Cette distinction implique que les prestations ayant pour objet des jeux de hasard ou d'argent, autres que les loteries, « en ligne » sont soumises à la TVA, tandis que les loteries, jeux de hasard et paris auxquels il est procédé dans un lieu physique « off line », soit indépendamment de serveurs ou de logiciels informatiques, restent exemptés de TVA.

La Cour constitutionnelle a annulé, par son arrêt du 22 mars 2018 (2), la disposition précitée.

Par conséquent, les jeux de hasard et paris en ligne sont à nouveau exemptés de la TVA.

La Cour constitutionnelle indique qu’en soumettant les jeux de hasard et d’argent en ligne à la TVA, le législateur fédéral n’a pas formellement modifié la matière imposable de la taxe régionale sur les jeux et paris, mais il a effectivement adopté une mesure qui diminue la matière imposable en rendant plus onéreuse et donc moins attrayante l’offre des jeux et paris concernés.

Selon la Cour, le législateur fédéral n’aurait pu réduire la possibilité pour les Régions d’exercer leurs compétences, que moyennant la majorité spéciale prévue à l’article 4, dernier alinéa, de la Constitution.

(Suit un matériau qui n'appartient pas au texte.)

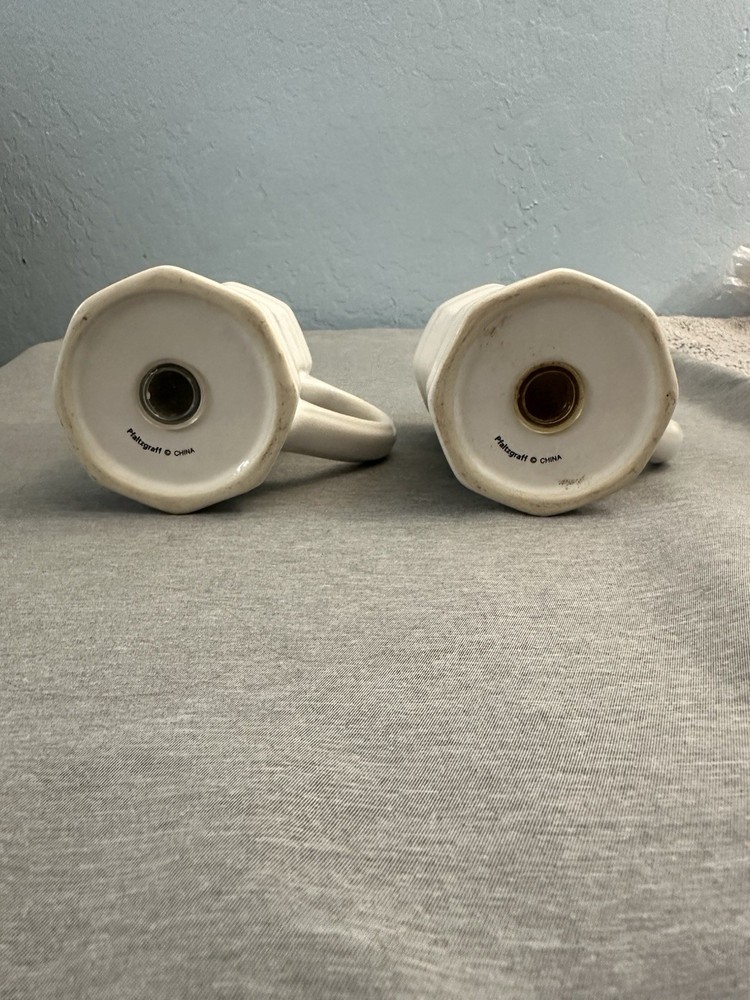 White Ceramic Round Glossy Salt & Pepper Shakers Pair Solid Pattern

Enfin, nous ne pouvons terminer cet Editorial sans revenir sur l’annonce, par le ministre des Finances de la plus grande réforme de ces dernières décennies en matière de TVA (3).

Une option est envisagée pour l’application de la TVA sur la location de biens immeubles à usage professionnel moyennant le respect de certaines conditions.

 

 

 

Un texte de Aurélie Soldai, Avocat au Barreau du Brabant Wallon paru dans le numéro de mai de la Revue Générale de Fiscalité et de comptabilité pratique.

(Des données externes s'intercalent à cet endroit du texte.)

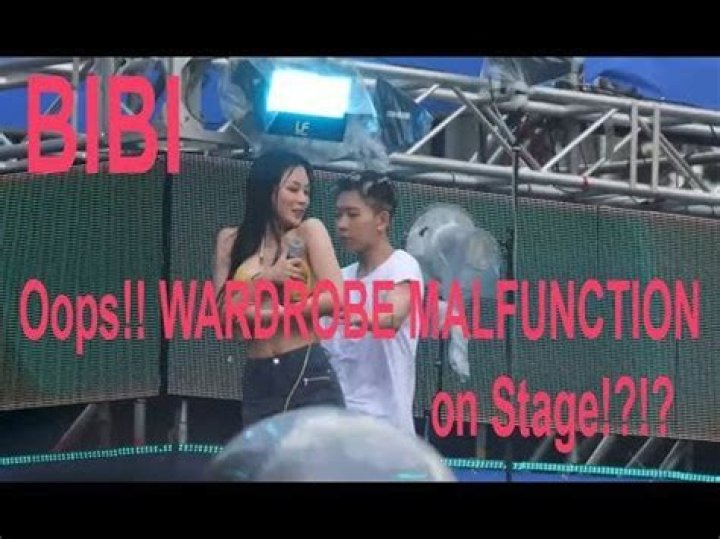 BIBI Wardrobe Malfunction During Performance – Here's How She Handled It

https://shop.wolterskluwer.be/shop/fr_BE/Sites/declaration

(1) CONSEIL D’ÉTAT section de législation avis 62.738/3 du 5 février 2018 sur un avant-projet de loi portant des dispositions diverses en matière d’impôts sur les revenus

(2) C. const., Arrêt n° 34/2018 du 22 mars 2018, http://www.const-court.be; recours en annulation des articles 29 à 34 de la loi-programme du 1er juillet 2016 (abrogation de l’exemption de la TVA sur les jeux de hasard ou d’argent en ligne autres que les loteries), introduits par la SA « Casinos Austria International Belgium » et autres, par le Gouvernement wallon, par la société de droit maltais « Reel Europe Limited » et la SA « Pac-Man », par la SA « Sagevas », par la SPRL « Star Matic » et la société de droit maltais « Unibet (Belgium) Limited » et par la SA « Rocoluc ».